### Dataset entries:
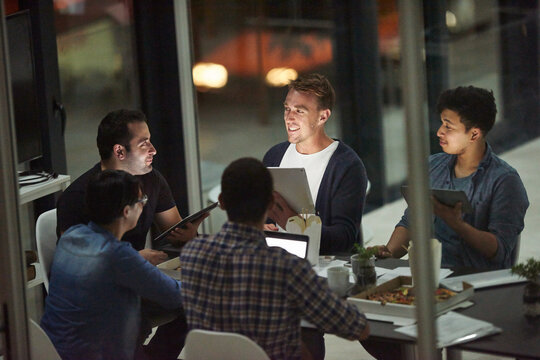 Business people, discussion and planning with tablet at night for brainstorming, design or web strategy in office. Young, group or creative employees working late on technology for ideas at workplace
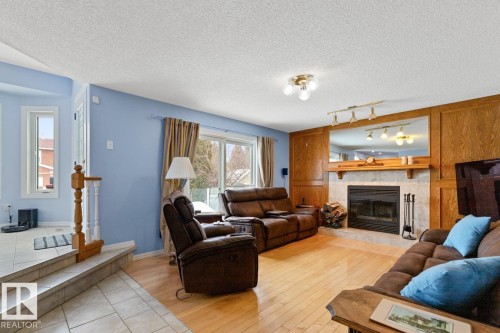 Family Room With Patio Doors To Deck. - 12824 157 Avenue, Edmonton, AB - Indoor Photo Showing Living Room With Fireplace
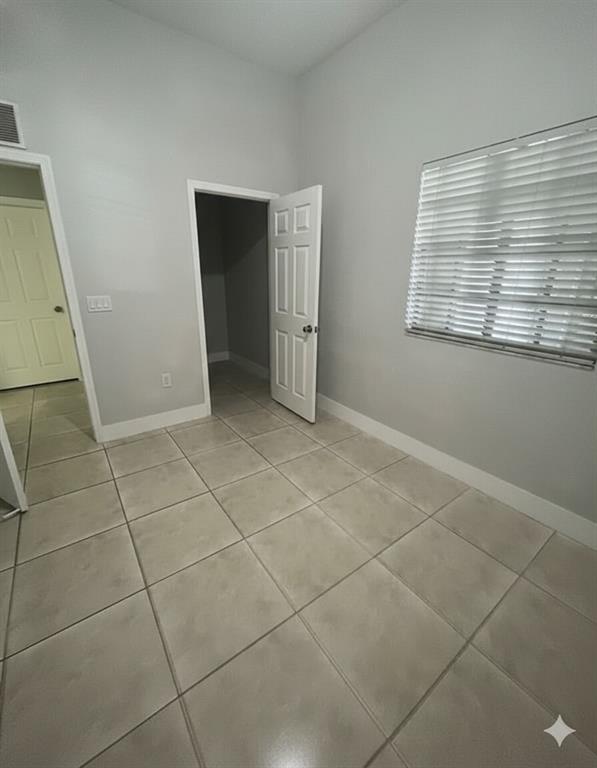 2801 Riverside Drive, Unit 204 Coral Springs, FL 33065 - Photo 14 of 18 a view of an empty room with a window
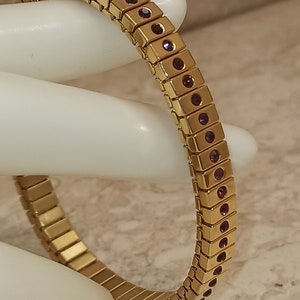 May include: A gold-toned bracelet with a flexible design. The bracelet is adorned with a row of small, dark purple gemstones.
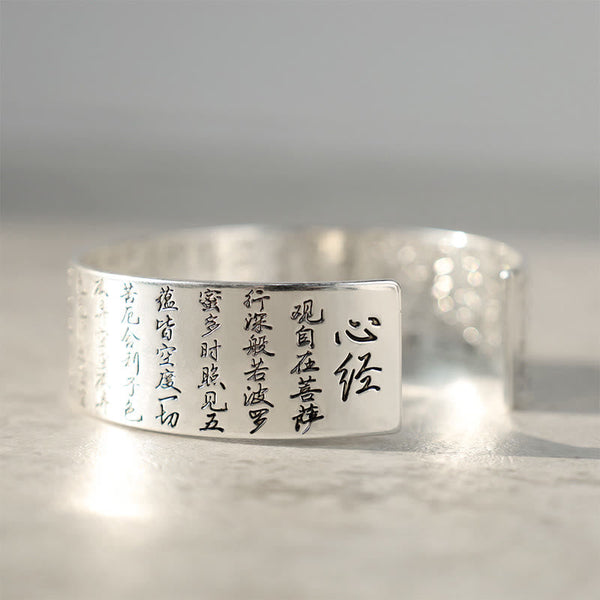 Tibetan Lotus White Copper Luck Bracelet - Silver cuff engraved with Heart Sutra text low angle, Sacred scripture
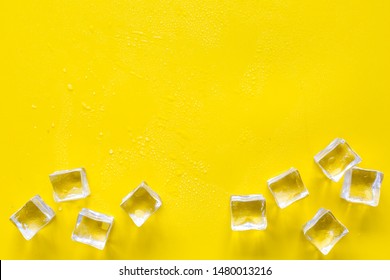 Pile of ice cubes on yellow bar desk background top view mock-up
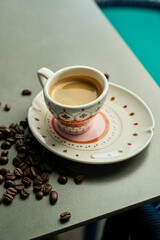small cup of espresso on saucer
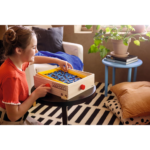 81V4Jc_wBaL_AC_SL1500___672751785344560 - Video Game Depot Young girl in a red sweater plays a wooden Pac-Man tabletop game on a small round table in a cozy living room with plants and cushions nearby.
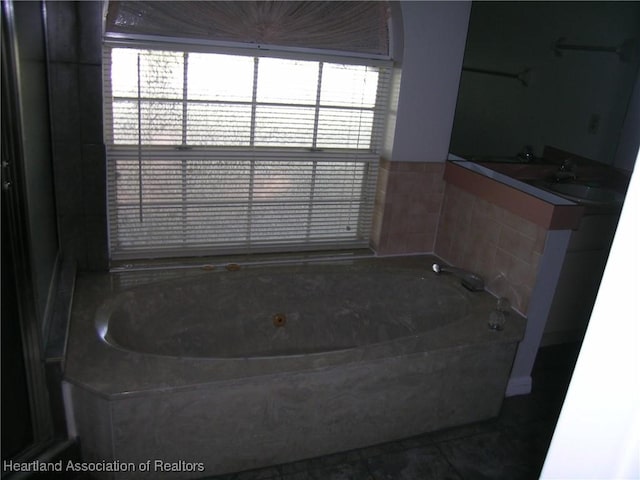 full bathroom featuring tile patterned flooring, a garden tub, and a sink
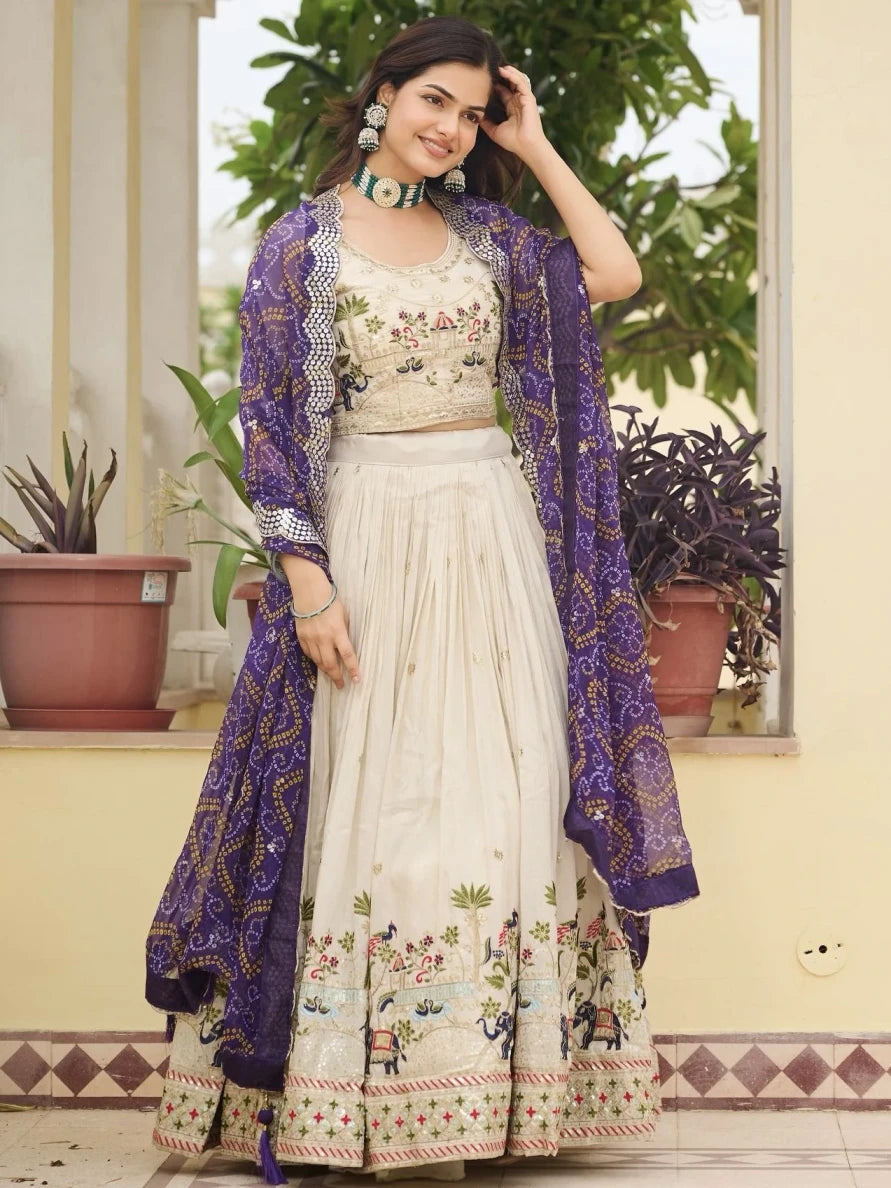 Woman wearing a traditional outfit with a floral design, standing indoors with plants in the background.
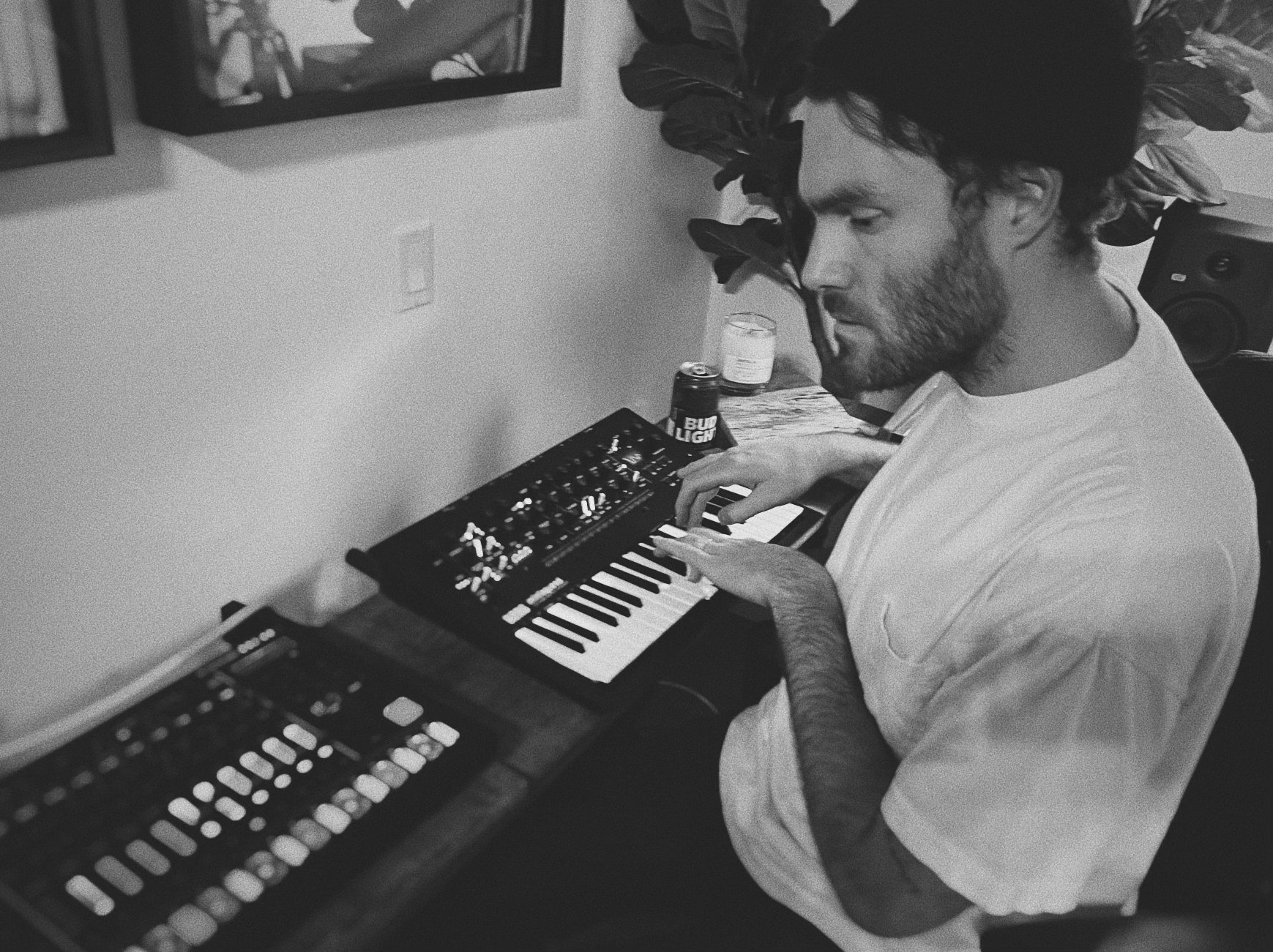 A man with curly hair and a beard playing a small keyboard synth in a room, with framed art on the wall, a large leafy plant, and a speaker in the background.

### WHAT IS EXPECTED:
The lines to copy exactly start with the line above that has "Family Room With" and go on through the line that has "2801 Riverside Drive, Unit"; please include both, add nothing else, and omit the pictures.

### TASK RESULT:
 Family Room With Patio Doors To Deck. - 12824 157 Avenue, Edmonton, AB - Indoor Photo Showing Living Room With Fireplace
 2801 Riverside Drive, Unit 204 Coral Springs, FL 33065 - Photo 14 of 18 a view of an empty room with a window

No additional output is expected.